RECORDS START
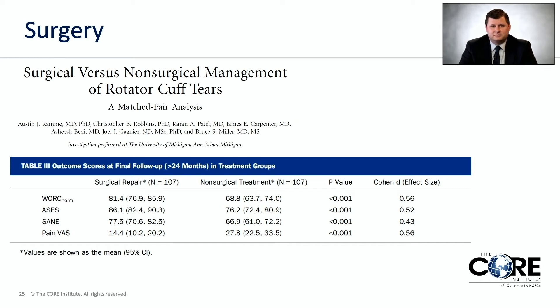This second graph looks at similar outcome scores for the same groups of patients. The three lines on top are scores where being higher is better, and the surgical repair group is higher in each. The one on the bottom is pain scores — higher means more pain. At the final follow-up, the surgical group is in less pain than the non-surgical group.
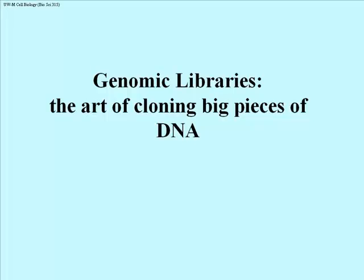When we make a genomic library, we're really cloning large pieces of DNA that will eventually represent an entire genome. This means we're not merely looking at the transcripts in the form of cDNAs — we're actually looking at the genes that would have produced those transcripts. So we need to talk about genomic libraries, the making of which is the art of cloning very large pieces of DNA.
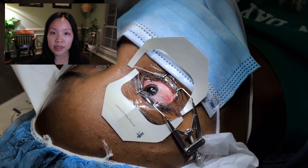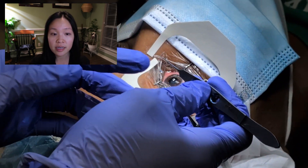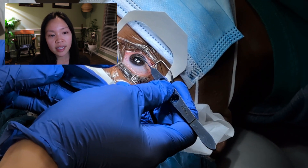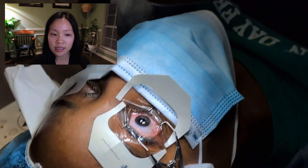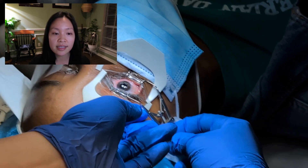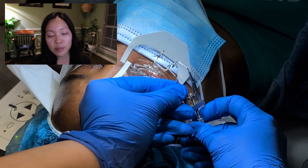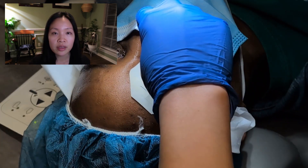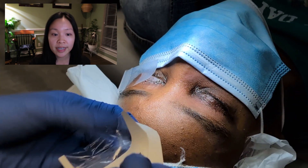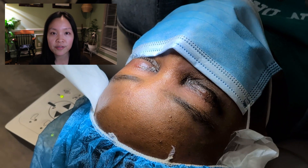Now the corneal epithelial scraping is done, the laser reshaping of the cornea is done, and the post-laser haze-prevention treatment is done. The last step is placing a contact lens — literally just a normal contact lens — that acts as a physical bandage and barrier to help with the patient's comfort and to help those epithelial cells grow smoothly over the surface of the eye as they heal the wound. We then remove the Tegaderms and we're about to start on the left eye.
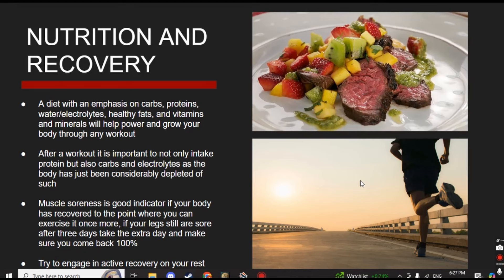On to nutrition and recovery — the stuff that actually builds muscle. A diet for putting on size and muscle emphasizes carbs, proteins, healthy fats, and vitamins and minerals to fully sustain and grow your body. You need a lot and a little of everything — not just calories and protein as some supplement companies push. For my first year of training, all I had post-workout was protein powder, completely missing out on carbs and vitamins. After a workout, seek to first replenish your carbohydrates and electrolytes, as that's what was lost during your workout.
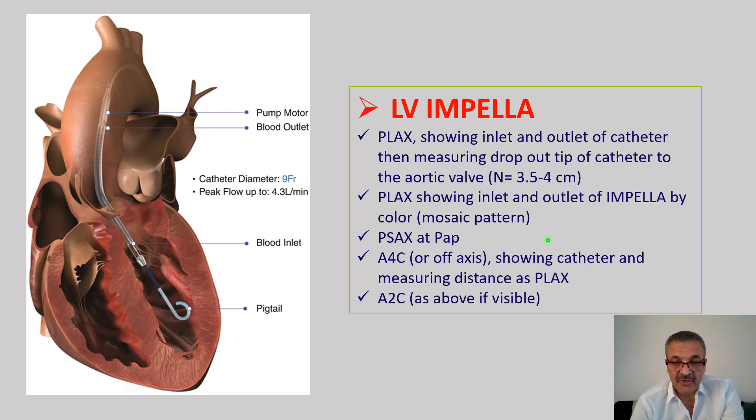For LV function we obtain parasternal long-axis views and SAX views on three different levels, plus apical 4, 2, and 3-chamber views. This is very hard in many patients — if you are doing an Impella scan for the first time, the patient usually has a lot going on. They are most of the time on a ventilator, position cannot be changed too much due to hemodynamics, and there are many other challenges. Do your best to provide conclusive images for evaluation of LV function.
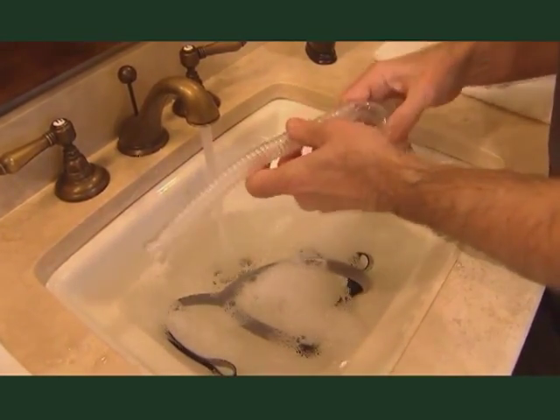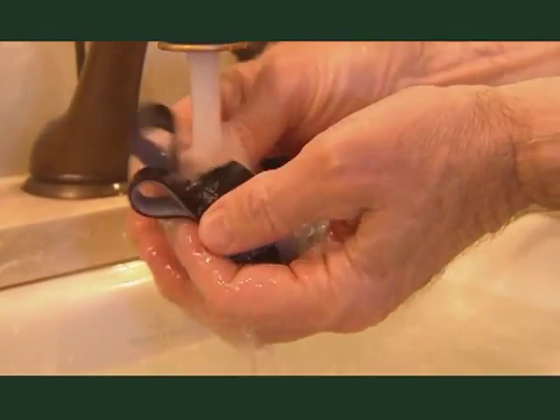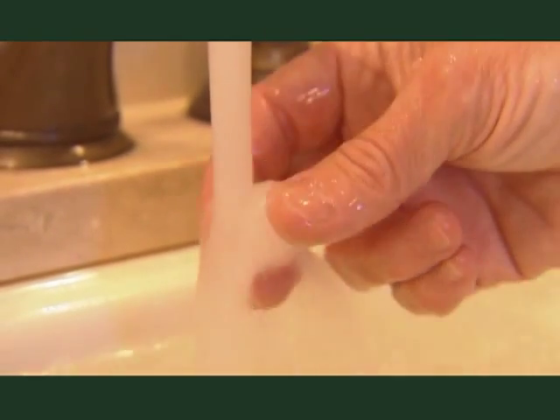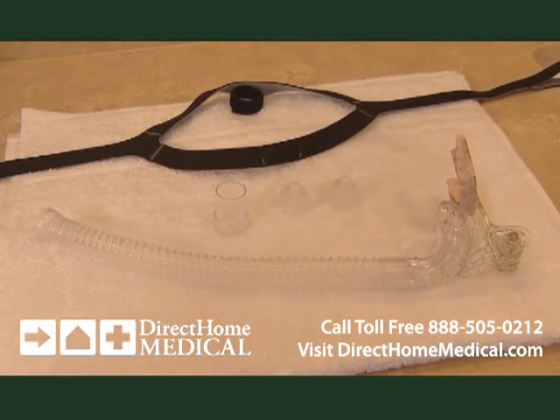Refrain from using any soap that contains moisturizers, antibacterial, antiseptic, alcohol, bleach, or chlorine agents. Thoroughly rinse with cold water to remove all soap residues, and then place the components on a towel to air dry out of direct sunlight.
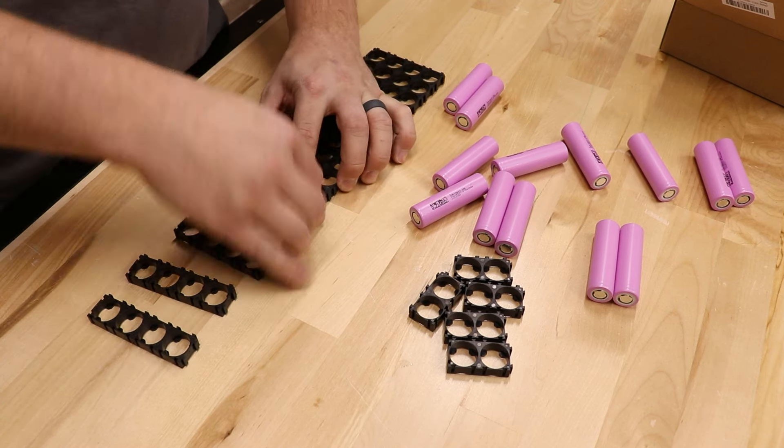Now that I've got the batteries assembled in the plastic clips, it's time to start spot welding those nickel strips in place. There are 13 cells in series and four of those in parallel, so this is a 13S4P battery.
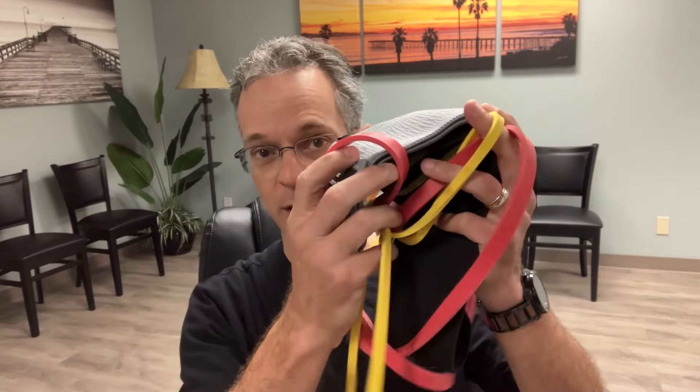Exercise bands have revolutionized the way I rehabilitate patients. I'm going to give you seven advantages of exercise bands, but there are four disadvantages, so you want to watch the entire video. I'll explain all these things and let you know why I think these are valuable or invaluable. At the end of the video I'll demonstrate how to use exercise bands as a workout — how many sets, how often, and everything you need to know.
RECORDS END
- ASSIGNED TASK:
Reproduce only the lines running from the beginning of the entries above to the line holding "Now the corneal", inclusive. Pictures stay out of the copy.

- FINISHED TASK:
This second graph looks at similar outcome scores for the same groups of patients. The three lines on top are scores where being higher is better, and the surgical repair group is higher in each. The one on the bottom is pain scores — higher means more pain. At the final follow-up, the surgical group is in less pain than the non-surgical group.
When we make a genomic library, we're really cloning large pieces of DNA that will eventually represent an entire genome. This means we're not merely looking at the transcripts in the form of cDNAs — we're actually looking at the genes that would have produced those transcripts. So we need to talk about genomic libraries, the making of which is the art of cloning very large pieces of DNA.
Now the corneal epithelial scraping is done, the laser reshaping of the cornea is done, and the post-laser haze-prevention treatment is done. The last step is placing a contact lens — literally just a normal contact lens — that acts as a physical bandage and barrier to help with the patient's comfort and to help those epithelial cells grow smoothly over the surface of the eye as they heal the wound. We then remove the Tegaderms and we're about to start on the left eye.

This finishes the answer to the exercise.